REPUBLIKA.CO.ID, JAKARTA -- Antropolog Universitas Indonesia Semiarto Aji melihat sisi lain dari kekerasan yang dilakukan oleh The Jakmania. Kelompok suporter tersebut membutuhkan penyaluran atas perasaan ketertindasan mereka, walaupun tidak selalu begitu.
"Ada perasaan ketidakadilan dan ketertindasan menguat yang mereka alami sehingga ada solidaritas kolektif dan membuat mereka harus mencari jalan keluarnya sendiri," kata Aji, Senin (26/6).
Ia menambahkan kekerasan ini, perlu dilihat persolan sebelumnya. Contohnya ketika mereka menuntut diusut tuntas kasus kematian anggota The Jakmania, Muhammad Fahreza, beberapa waktu lalu. Tewasnya Fahreza diduga karena kekerasan oleh aparat kepolisian, meski polisi membantahnya.
"Saya yakin bukan karena saat itu Persija dalam posisi kalah 0-1. Seandainya menang pun kerusuhan sulit dihindari karena ini bukan mengangkut hasil yang ada di lapangan lagi bagi mereka," katanya.
Aji mengatakan maka tak heran jika dikenal pula adanya kelompok sendiri dalam The Jakmania yang kerap disebut Rojali (Rombongan The Jakmania Liar). Rojali ini, menurut Aji biasanya tak berafiliasi pada keanggotaan resmi The Jakmania.
Baca juga, The Jakmania Ricuh di GBK, Tiga Anggota Polisi Luka Serius.
Rojali seringkali dituduh sebagai biang onar yang memenuhi jalan-jalan raya ibu kita tanpa datang ke stadion untuk menyaksikan Persija. Mereka biasanya berada dalam satu rombongan yang menyewa angkutan umum, hingga memenuhi atap kendaraan, sembari menyanyikan yel.

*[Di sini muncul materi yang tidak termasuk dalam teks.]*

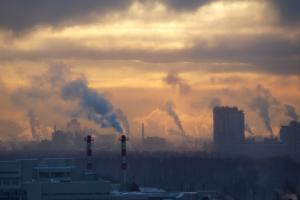 Śląskie: bezpłatna komunikacja w całym regionie z powodu smogu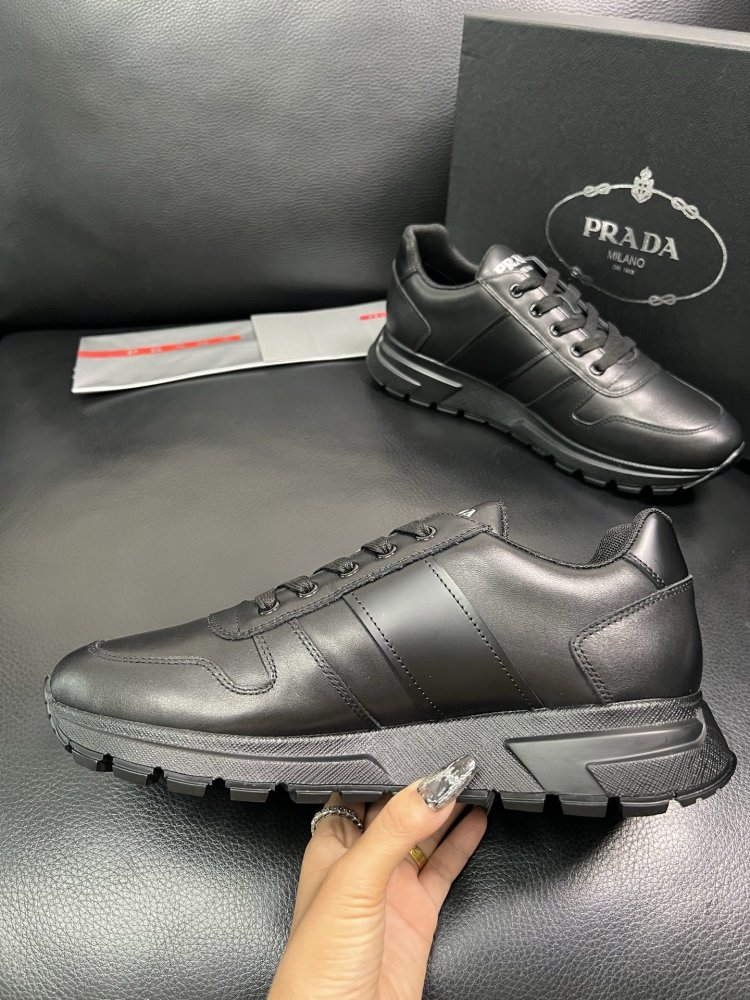 Sneakers men's фото 5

Karena itu menurut Aji, dibutuhkan kehati-hatian dari setiap pemangku kepentingan dalam menyikapi setiap konteks itu. "Bisa dibilang, The Jakmania tak seperti suporter klub di beberapa kota seperti Bandung dan Surabaya. Mereka masih mencari bentuknya sejauh ini," katanya.